Caption-style text data:
■ ■ ■ ■

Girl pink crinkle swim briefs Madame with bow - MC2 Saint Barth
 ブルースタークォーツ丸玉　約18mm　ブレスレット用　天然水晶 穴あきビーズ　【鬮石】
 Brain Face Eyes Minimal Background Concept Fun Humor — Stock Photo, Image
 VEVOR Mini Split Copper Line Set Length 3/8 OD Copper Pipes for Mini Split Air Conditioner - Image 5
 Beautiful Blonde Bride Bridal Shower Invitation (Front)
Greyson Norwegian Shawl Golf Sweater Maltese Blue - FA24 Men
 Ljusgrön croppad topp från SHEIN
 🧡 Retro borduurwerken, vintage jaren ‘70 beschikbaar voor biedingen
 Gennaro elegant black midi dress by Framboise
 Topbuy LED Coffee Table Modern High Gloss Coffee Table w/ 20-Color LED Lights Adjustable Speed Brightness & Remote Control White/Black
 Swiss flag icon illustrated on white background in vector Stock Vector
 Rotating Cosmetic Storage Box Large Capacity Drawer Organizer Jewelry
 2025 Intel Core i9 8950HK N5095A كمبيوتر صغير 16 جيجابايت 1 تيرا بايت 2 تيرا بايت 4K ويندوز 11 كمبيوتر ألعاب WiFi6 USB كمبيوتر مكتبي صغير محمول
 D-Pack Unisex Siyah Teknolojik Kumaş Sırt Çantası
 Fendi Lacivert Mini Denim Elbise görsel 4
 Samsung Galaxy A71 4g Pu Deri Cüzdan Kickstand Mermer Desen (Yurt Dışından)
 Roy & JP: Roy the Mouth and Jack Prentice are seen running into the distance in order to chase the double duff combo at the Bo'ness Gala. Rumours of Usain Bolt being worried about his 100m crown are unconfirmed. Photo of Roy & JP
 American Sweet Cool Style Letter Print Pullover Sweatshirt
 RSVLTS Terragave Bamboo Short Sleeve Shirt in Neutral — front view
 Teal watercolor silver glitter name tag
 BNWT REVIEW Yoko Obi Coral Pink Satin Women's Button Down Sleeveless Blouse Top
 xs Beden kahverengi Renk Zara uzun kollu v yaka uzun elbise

■ ■ ■ ■

- Instructions to follow -
Say how many lines of these records hold the string "Image", giving the number and no other words.

- Output of the task -
2